Try it >> Could you copy every record exactly, leaving the pictures behind?

Dataset records >>
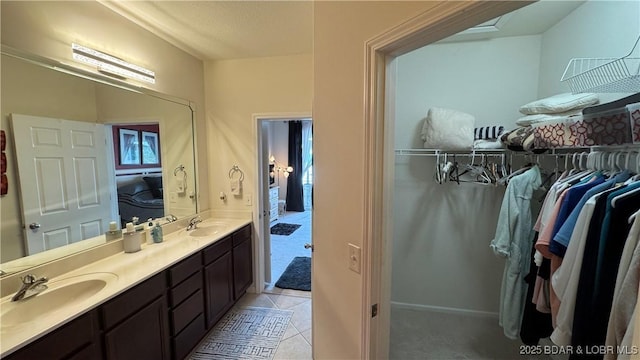 18130 Millstone Cove Rd Unit 447, Gravois Mills, MO 65037 - ensuite bathroom featuring double vanity, tile patterned floors, and a walk in closet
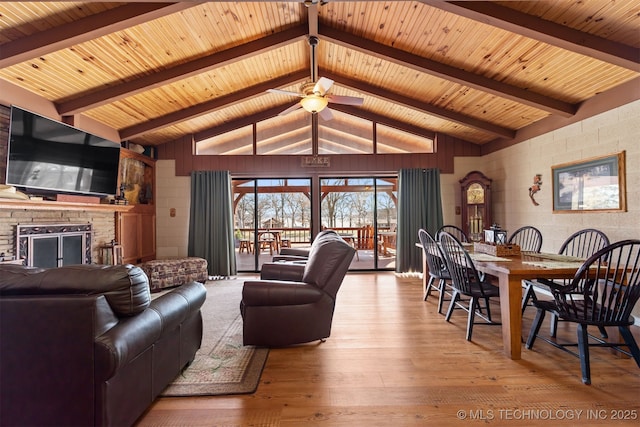 living room featuring lofted ceiling with beams, wood ceiling, a ceiling fan, and hardwood / wood-style flooring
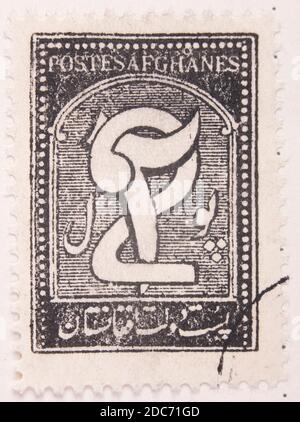 Antwerpen, Belgien - 17. November 2020: Ein Briefmarkendruck der afghanischen Post, zeigt afghanisches Symbol Stockfoto
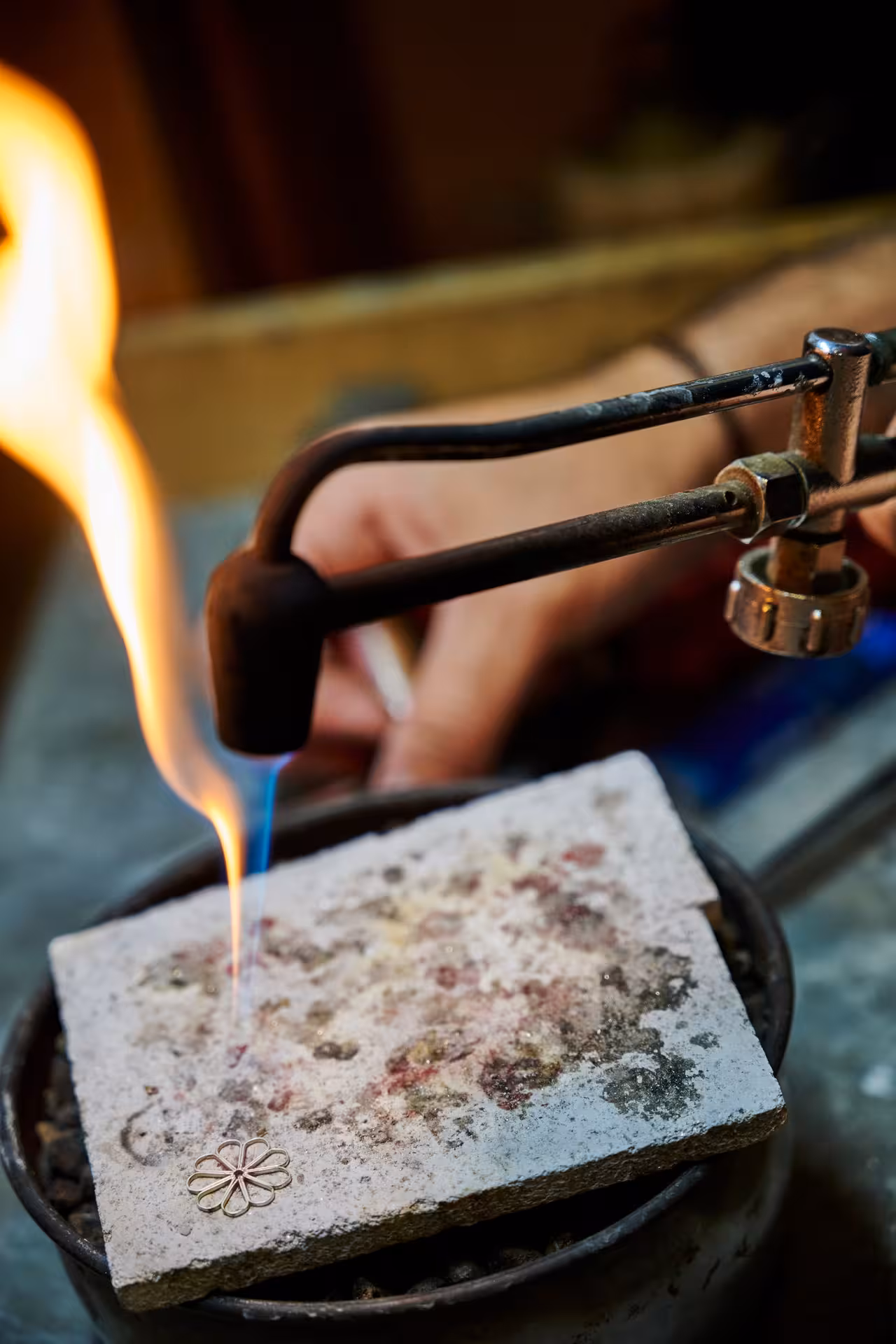 Sardinian filigree flower being carefully soldered by a flame in a Dorgali goldsmith's workshop.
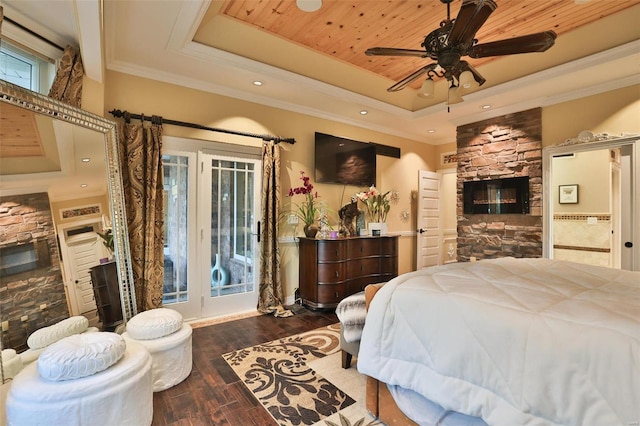 bedroom with ceiling fan, dark hardwood / wood-style floors, a raised ceiling, and wooden ceiling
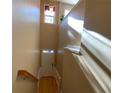 Interior view of a staircase with light-colored walls and wooden railing at 6148 Indian Wood Se Cir, Mableton, GA 30126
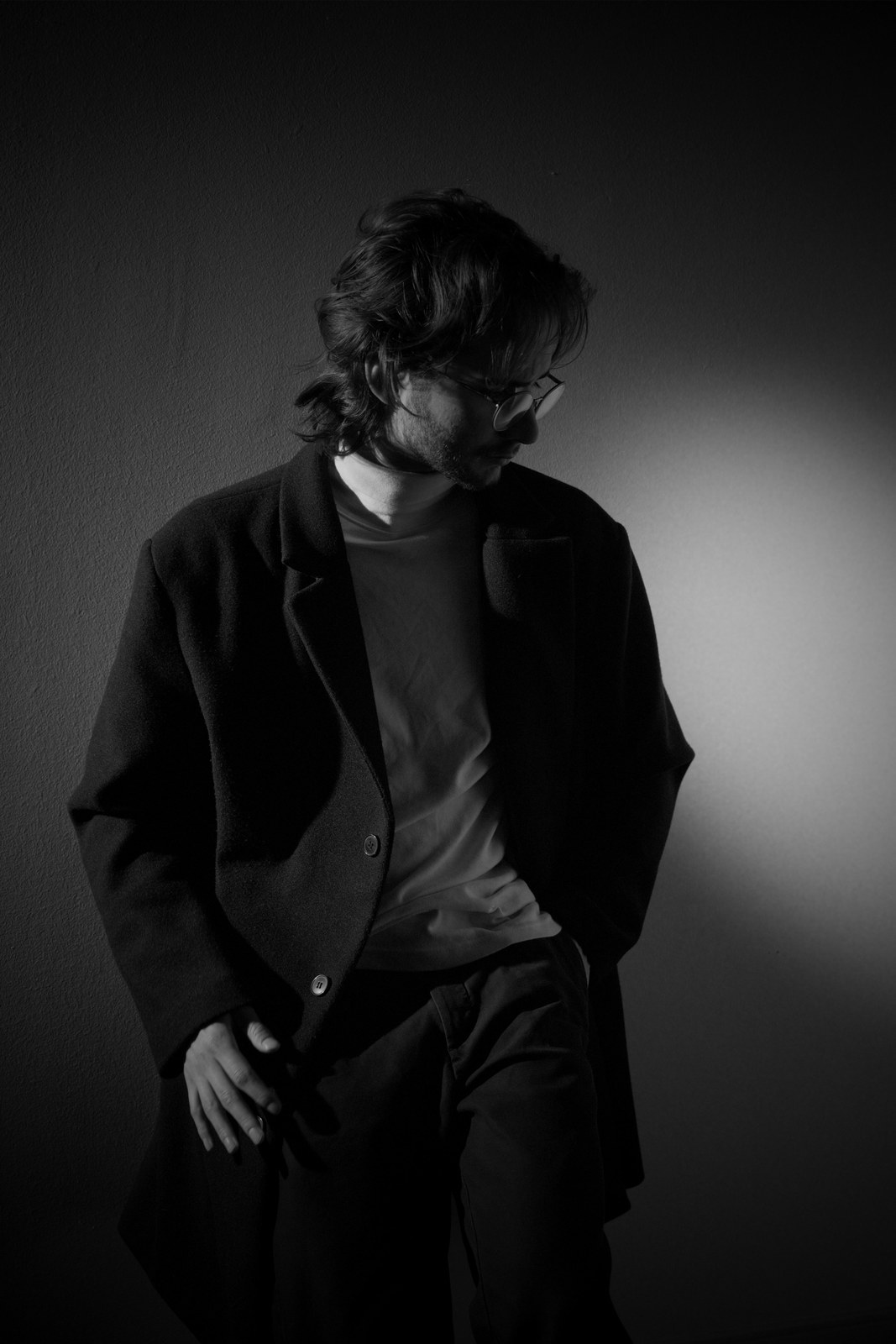Black-and-white portrait in a dark jacket with hands near the pockets.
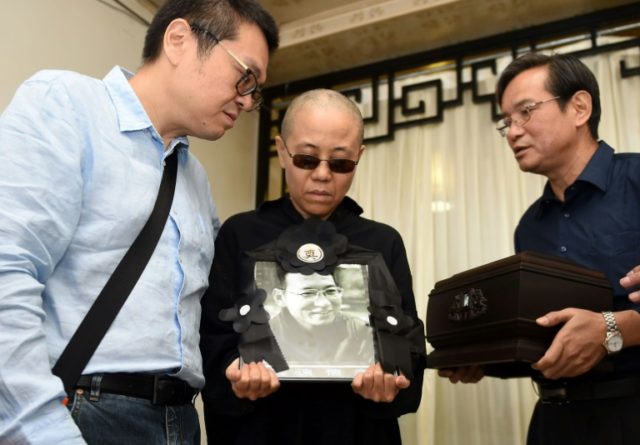 Liu Xia (C) holds a portrait of her late husband, Nobel laureate Liu Xiaobo, after his de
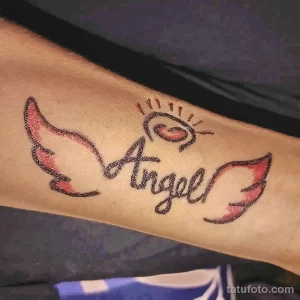 Фото татуировки: надпись "Angel" с изображением крыльев, выполненная на руке. Нежный и минималистичный рисунок.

Final answer >>
 18130 Millstone Cove Rd Unit 447, Gravois Mills, MO 65037 - ensuite bathroom featuring double vanity, tile patterned floors, and a walk in closet
 living room featuring lofted ceiling with beams, wood ceiling, a ceiling fan, and hardwood / wood-style flooring
 Antwerpen, Belgien - 17. November 2020: Ein Briefmarkendruck der afghanischen Post, zeigt afghanisches Symbol Stockfoto
 Sardinian filigree flower being carefully soldered by a flame in a Dorgali goldsmith's workshop.
 bedroom with ceiling fan, dark hardwood / wood-style floors, a raised ceiling, and wooden ceiling
 Interior view of a staircase with light-colored walls and wooden railing at 6148 Indian Wood Se Cir, Mableton, GA 30126
Black-and-white portrait in a dark jacket with hands near the pockets.
 Liu Xia (C) holds a portrait of her late husband, Nobel laureate Liu Xiaobo, after his de
 Фото татуировки: надпись "Angel" с изображением крыльев, выполненная на руке. Нежный и минималистичный рисунок.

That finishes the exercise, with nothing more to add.